BEGIN

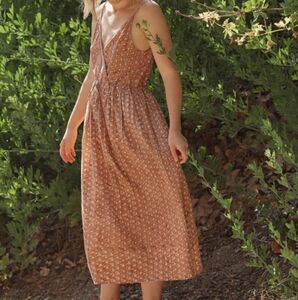 Christy Dawn Lincoln dress in rust meadow xs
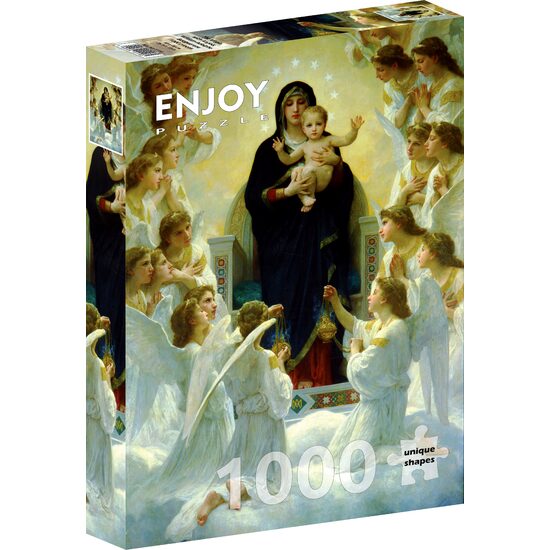 Puzzle 1000 piese Enjoy - William Bouguereau: The Virgin With Angels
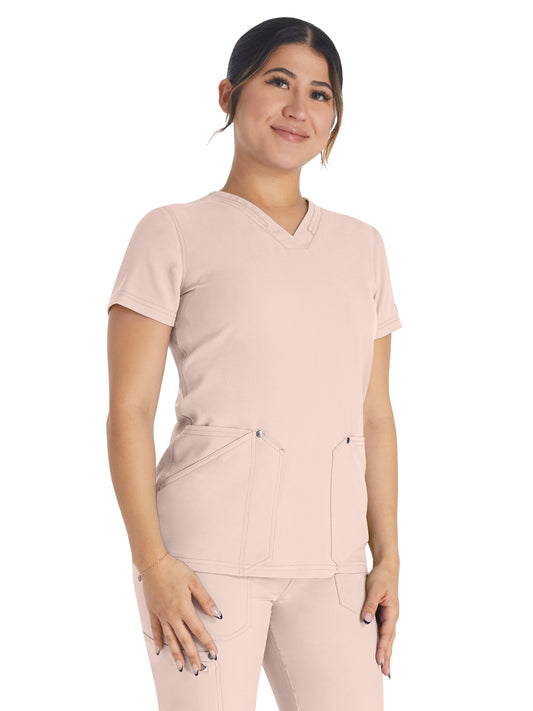 Women's 4-Pocket V-Neck Scrub Top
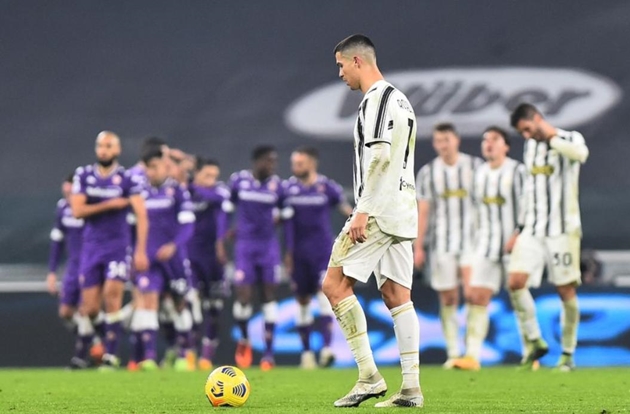 Với tâm lý bị ảnh hưởng, Cristiano Ronaldo và các đồng đội đã bất ngờ phải nhận thất bại 0-3 trước Fiorentina.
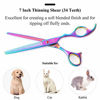 Picture of Moontay Professional Dog Grooming Scissors Set, 7 Inch/8 Inch Pet Grooming Scissors Chunkers Shears for Dog, Curved Dog Grooming Scissors, Thinning Shears for Dog with Grooming Comb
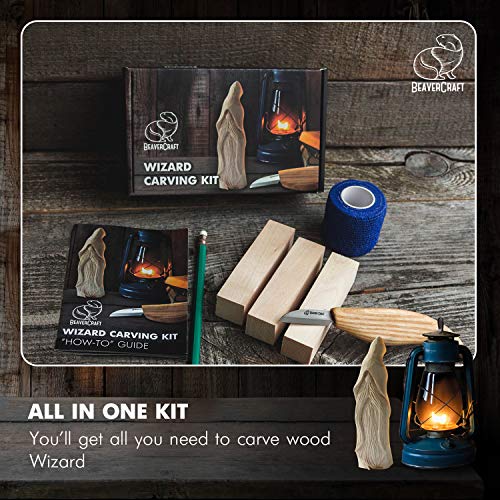 BeaverCraft, Beginners Wood Carving Whittling Kit - Hobby DIY Wood...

END

*Task prompt*
Take the line containing "Puzzle 1000 piese" and every line after it to the end of the records, and restate them verbatim, with no pictures.

*Response area*
 Puzzle 1000 piese Enjoy - William Bouguereau: The Virgin With Angels
 Women's 4-Pocket V-Neck Scrub Top
 Với tâm lý bị ảnh hưởng, Cristiano Ronaldo và các đồng đội đã bất ngờ phải nhận thất bại 0-3 trước Fiorentina.
 Picture of Moontay Professional Dog Grooming Scissors Set, 7 Inch/8 Inch Pet Grooming Scissors Chunkers Shears for Dog, Curved Dog Grooming Scissors, Thinning Shears for Dog with Grooming Comb
 BeaverCraft, Beginners Wood Carving Whittling Kit - Hobby DIY Wood...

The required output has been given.